The details published on Wednesday - giving a rating of children's services across the country - relate to annual assessments which are purely desk-based.

No field work is carried out. Officials carrying out what is known as an Annual Performance Assessment look at documents and data to see if a council has made progress in the previous 12 months "towards improving outcomes for children and young people".

Teenage pregnancy

They look at "a wide range of published evidence" which indicates how good councils are at helping and safe-guarding children and young people.

This will involve data on schools, including attendance and anti-bullying policies, the attainment of children in care, young offending, the infant mortality rate, child protection, proportion of young people not in work or training and teenage pregnancy rates.

Inspectors meet the council's senior managers to discuss "issues that may have arisen during the analysis of information".

They rely on the local authorities to provide accurate information.

Local authorities are then graded for their children's services, in the same way as schools are - from inadequate at the bottom, to adequate, good and finally outstanding.
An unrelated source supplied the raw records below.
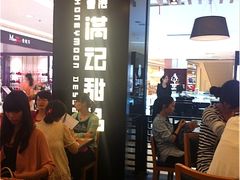 大堂-满记甜品(加州阳光开元广场店)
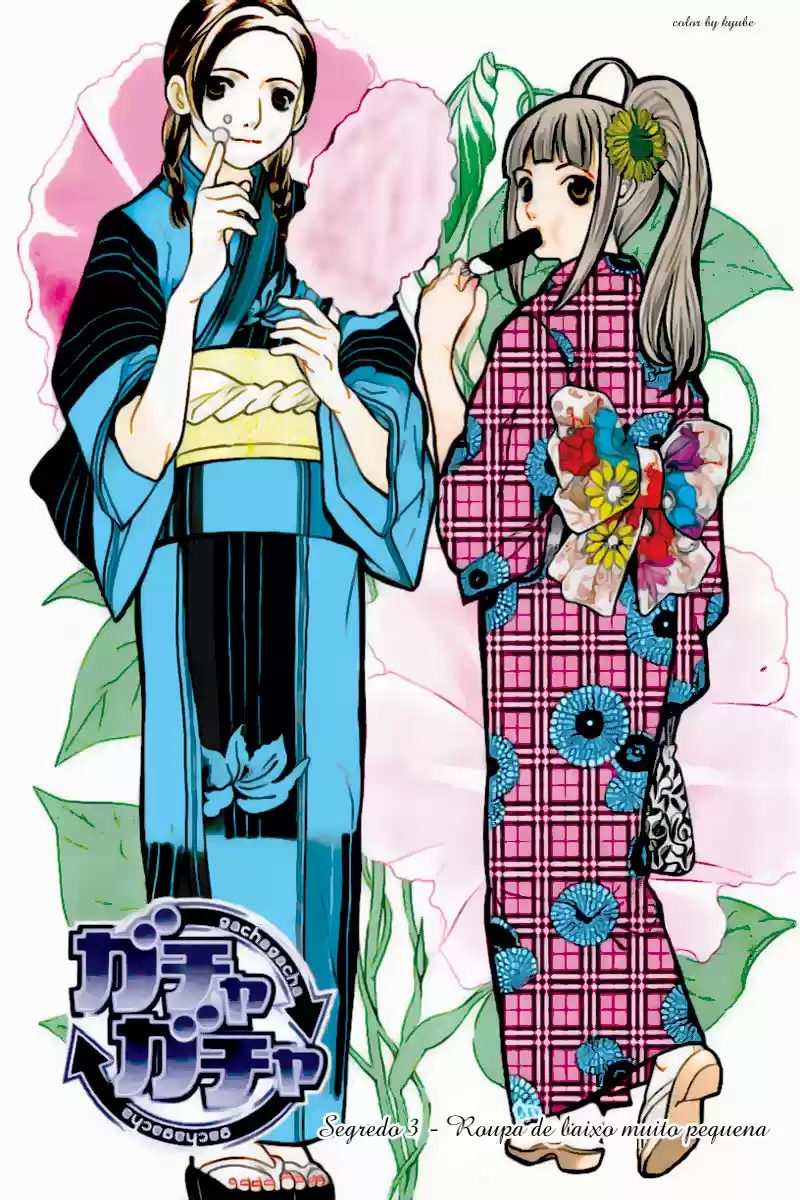 Gacha Gacha - Secret Roupa de Baixo Muito Pequena 第2页
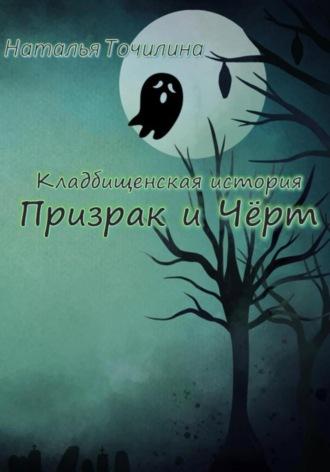 Кладбищенская история. Призрак и Чёрт, аудиокнига Натальи Ивановны Точилиной. ISDN69796441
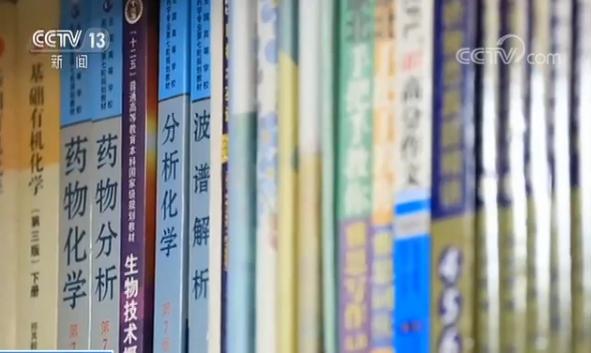 听世界 要用所学避免他人重蹈覆辙|吉林大学|唇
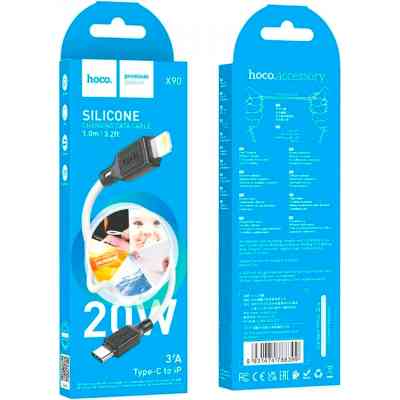Дата кабель USB-C to Lightning 1.0m Cool silicone PD 20W X90 white HOCO (6931474788399) Винница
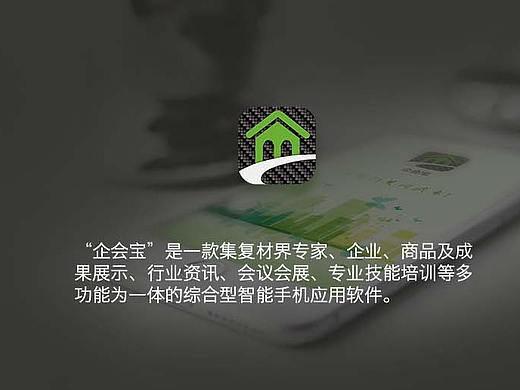 企会宝APP(已上线)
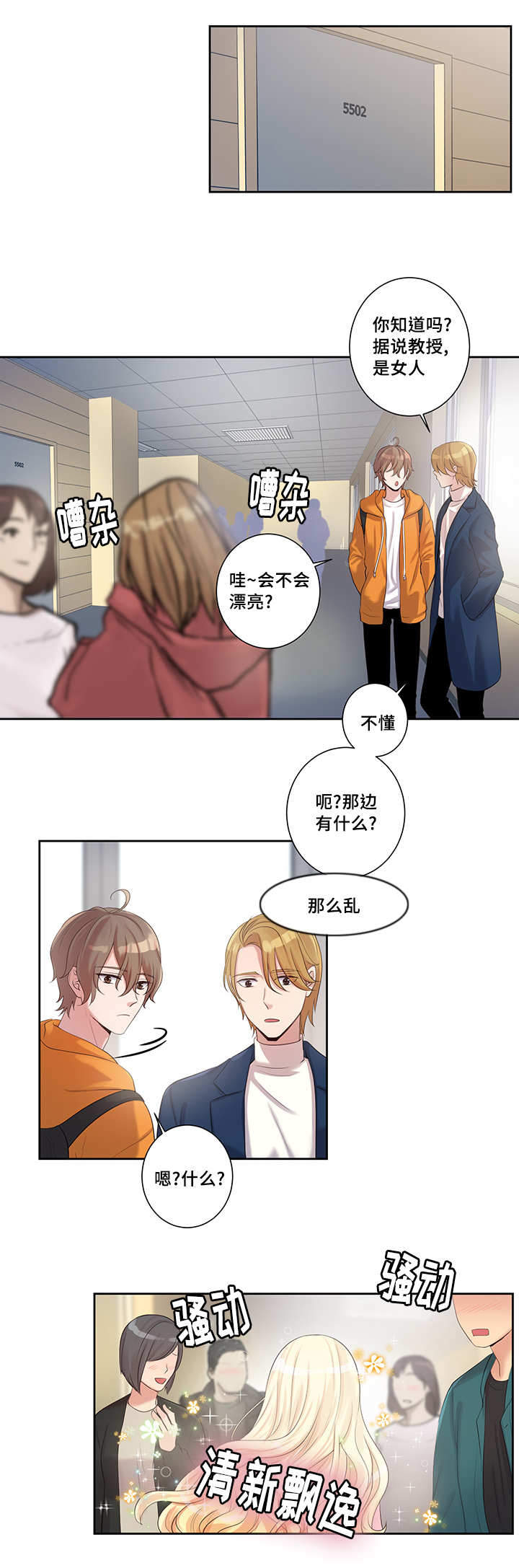 斩男香 第3话 第7页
They are judged on the following criteria:

  • Overall effectiveness of children's services
  • Being healthy
  • Staying safe
  • Enjoying and achieving
  • Making a positive contribution
  • Achieving economic well-being
  • Capacity to improve services for children

Ofsted faced criticism for this arm's length form of assessment and has announced it will be replaced with another next year which will have a "stronger focus on frontline practice", including annual unannounced inspection visits in every local authority.

MPs were critical of the inspection regime last week when Ofsted's head Christine Gilbert appeared before them at the commons' children, schools and families committee.

Committee chairman Barry Sheerman said there were "real concerns" about Ofsted's inspection practices. He called for an inspector to be placed in every local authority.

On top of the annual, desk-based assessment, all councils have faced one full, personal inspection of children's services in the past three years.

This is known as a Joint Area Review (Jar) and involves inspectors talking to front-line workers as well as children, parents, senior managers and elected council members.

Inspectors will stay with a council for a few weeks and their number - and their amount of field work - will depend on how well a council is understood to be performing. Ofsted says this approach is about being "proportionate to risk".

Inspectors also select at random case files relating to some of the most vulnerable children in an area to see how far services are working together in an area to help them.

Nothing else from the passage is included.